An arbitration panel ordered UBS AG's (UBS) U.S. retail brokerage to pay at least $5.4 million in damages and legal fees to a former broker for business he said he lost after selling risky investments that later went bad.

Edward Graham Dulin Jr. had alleged that UBS misled him and his clients about the risks of so-called structured notes tied to Lehman Brothers Holdings Inc., which collapsed in 2008, according to a claim he filed in 2010 against UBS with the Financial Industry Regulatory Authority.

Finra, the brokerage industry's self-regulator, oversees the arbitration processes.

UBS denied the allegations and said it is considering appealing the arbitrators' decision. The company "is disappointed with the panel's decision, and believes it to be legally and factually incorrect," a spokesman said.

Mr. Dulin, who left UBS in 2008 to join Bank of America Corp.'s (BAC) Merrill Lynch in Scottsdale, Ariz, had testified on behalf of clients who took UBS to arbitration to recover some of their losses. His "ability to increase his asset base and his production have been severely limited by the UBS Lehman note debacle," he said in his claim.

The broker sold Lehman structured products to 71 clients, who represented more than half of the $226 million in client assets he managed in 2007, he said. The clients "sustained an almost complete loss" when Lehman failed, even though UBS had described the notes as safe, he said in his claim.

Structured notes often include equity and debt linked to options, futures or swaps. They may offer higher returns than fixed-income alternatives and some principal protection if held to maturity, but they can also be costly and may present credit and liquidity risks.

In a counterclaim, the company had sought almost $4 million from Mr. Dulin to cover losses it had to pay his customers, according to the arbitration award document.

The arbitration panel instead awarded Mr. Dulin $4 million in compensatory damages along with $1 million in punitive damages because, the panel said, UBS held back information about Lehman's deteriorating condition when recommending the sale of structured notes, according to the award document.

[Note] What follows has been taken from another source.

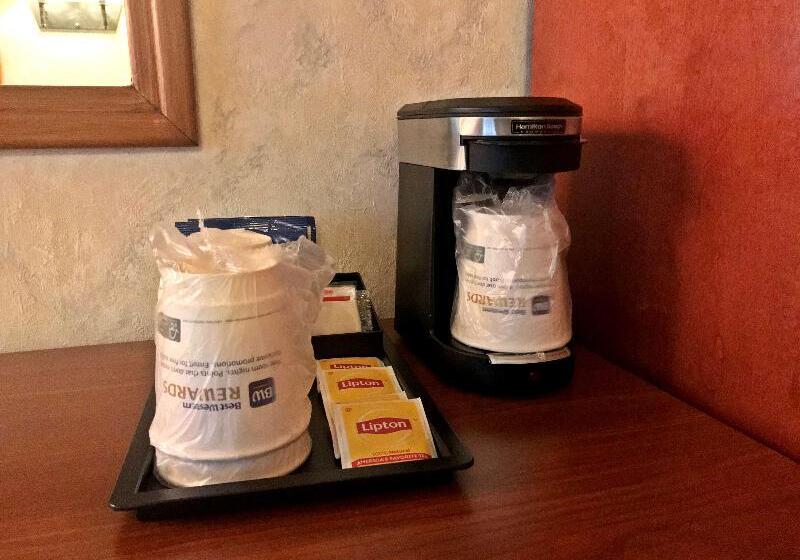 فندق Best Western Adirondack Inn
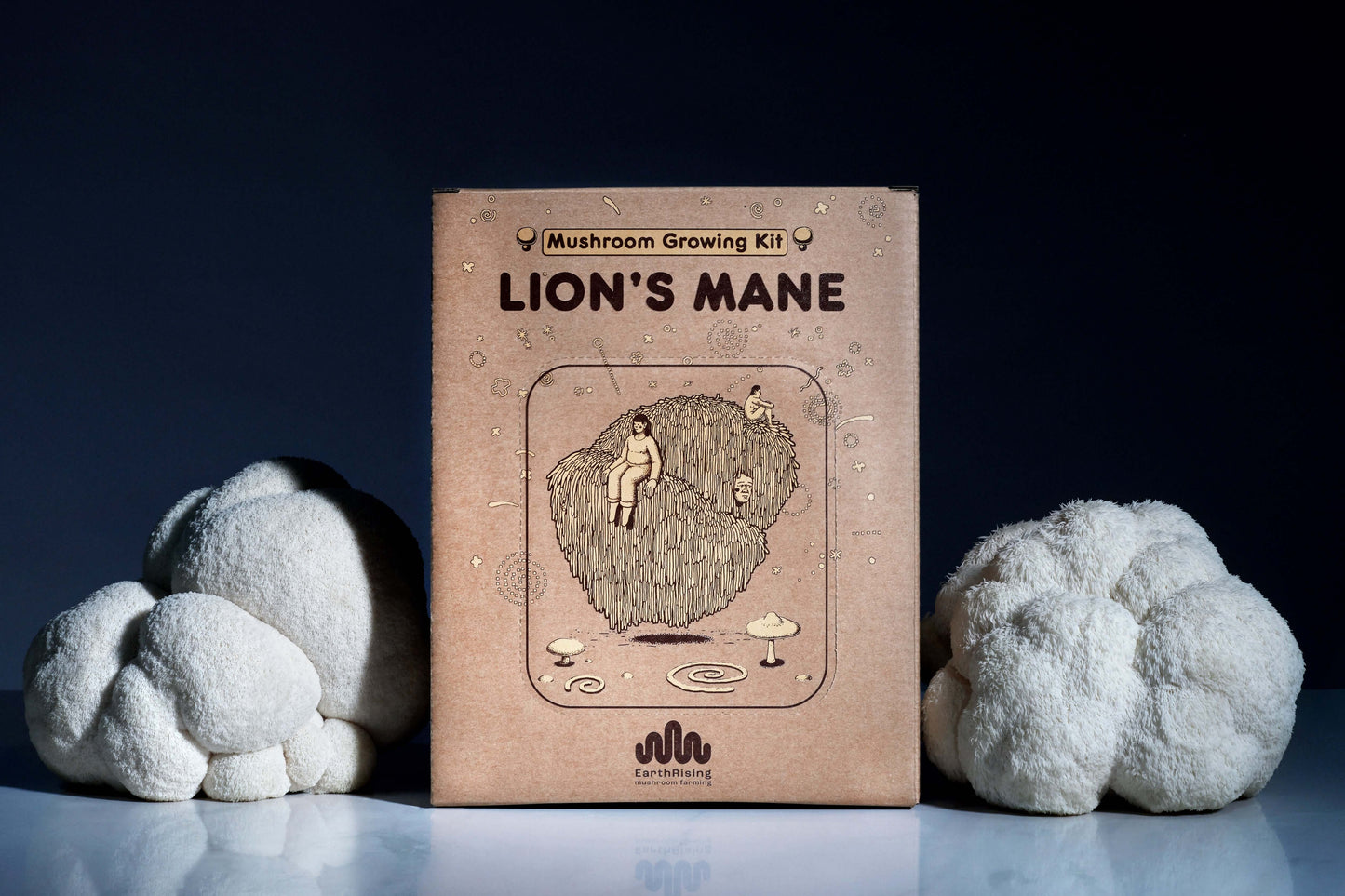 Lion's Mane grow kit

Mr. Dulin also was awarded $250,000 in legal fees and the cost of the arbitration. The panel ordered that all 39 customer complaints on his public records be removed. That process, known as expungement, requires a court's approval. If the court decides against erasing the complaints, the arbitrators said Mr. Dulin was entitled to an additional $4 million from UBS, according to the award document.

"I have never heard of an award with this number of expungements," said Rosemary Shockman, Mr. Dulin's lawyer. "This is clearly an overwhelmingly strong statement against UBS and its conduct."

It is rare for a broker to seek damages from his firm over business lost because of bad investments recommended by the firm. Claims are more typically filed by the clients who suffered direct losses.

But bad investments, particularly related to risky products where brokers claim their firms had not briefed them sufficiently, can severely affect a broker's future and employment with another firm.

Last year, Michael Farah, a former broker with Wedbush Securities Inc., won an arbitration award of $4.3 million to make up for damaged he suffered from selling mortgage-backed securities.

-Daisy Maxey contributed to this article.